Why it can be worth to balance tabular data in realworld cases

Pak · May 22, 2019, 3:44pm

Last couple of weeks I’ve been trying to apply my tabular fastai experiments on realworld problems in a company I work at.
Jeremy in one of his lectures mentioned that it worth try to balance your classes before start training. Now I know at least 1 reason why it can help.
Ok, let’s imagine we try to solve some realworld problem. For ex. let’s imagine we have some tabular data about a number of users, their behavior, some profiles’ data & etc. Now we want to classify them in the way it’s can benefit your business. It can be as “Will this user be interested in/buy a product” (is s/he a potential customer), as “Is this person a bot/potential intruder”. The common thing here is that most of all users that (for ex) visit you site won’t be the class you are interested in (most of the visitors won’t buy at your site, as well as they are fortunately not intruders). But detecting these classes (‘buyer’ and ‘intruder’), being tens or hundreds times less common, is the goal you want to achieve. But if we take loss function’s point of view, we will see that with such class imbalance, it’s more effective to just predict class 0 (non-intruder/non-buyer) as it is hundreds times more probable that next sample will be 0. And the algorithm of: “put 0 unless if you are very-very sure in the opposite” gives less loss function’s value. This shifts the network overall to class 0.
But good prediсtion of common users is not what we are trying to get. We try to get the pearls of class 1 (‘buyer’ or ‘intruder’) persons. So, despite original model is more accurate, balanced (with balanced classes) model is more practically useful, as it help to get more much more valuable class results. (Definitely is works only for cases where false prediction of class 1 is much more tolerable than visa versa)
We can achieve this with two ways: balance number of samples in each class or by altering the loss function (make loss value less if class 1 is correctly found), but balancing the dataset looks the easiest thing to do here.

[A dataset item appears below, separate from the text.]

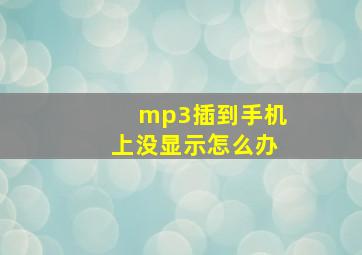 mp3插到手机上没显示怎么办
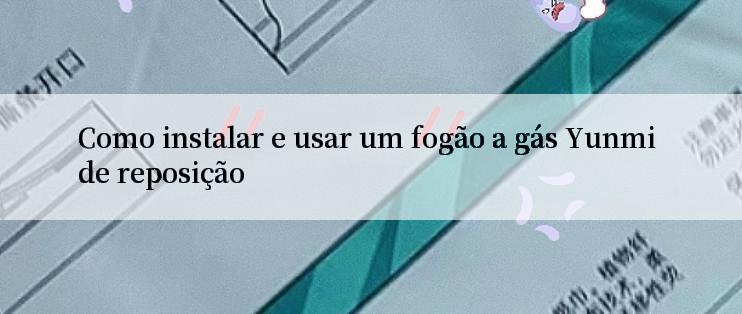 Como instalar e usar um fogão a gás Yunmi de reposição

As a result of the processing, I think, the most important problem appears to be is overfitting on highly duplicated samples. But I don’t see now how it can be avoided in any case.

Applying this approach for my company’s data I’ve noticed that distribution of classes for new data (which I don’t know the class) for balanced model better fit real data than original data model.

Ralph · May 22, 2019, 3:56pm

Over-weighting the rare target was critical in my real-world fraud model. I used a heavy dose of dropout to keep overfitting in check.

Pak · May 22, 2019, 4:28pm

I’ve also used more dropout as well as embedding dropout.
But maybe in my case it was not as critical as it could be because my valuable class ratio is 1 to 100. I assume that for fraud this ratio is even worse.

And how did you worked with imbalanced classes, have you changed loss function, or maybe some other method you have found useful for that case?

Ralph · May 22, 2019, 5:04pm

My target was <1 in 1000, so I filtered the targets, duped a bunch of times with a single copy of the non-targets and then shuffled.Nothing too fancy.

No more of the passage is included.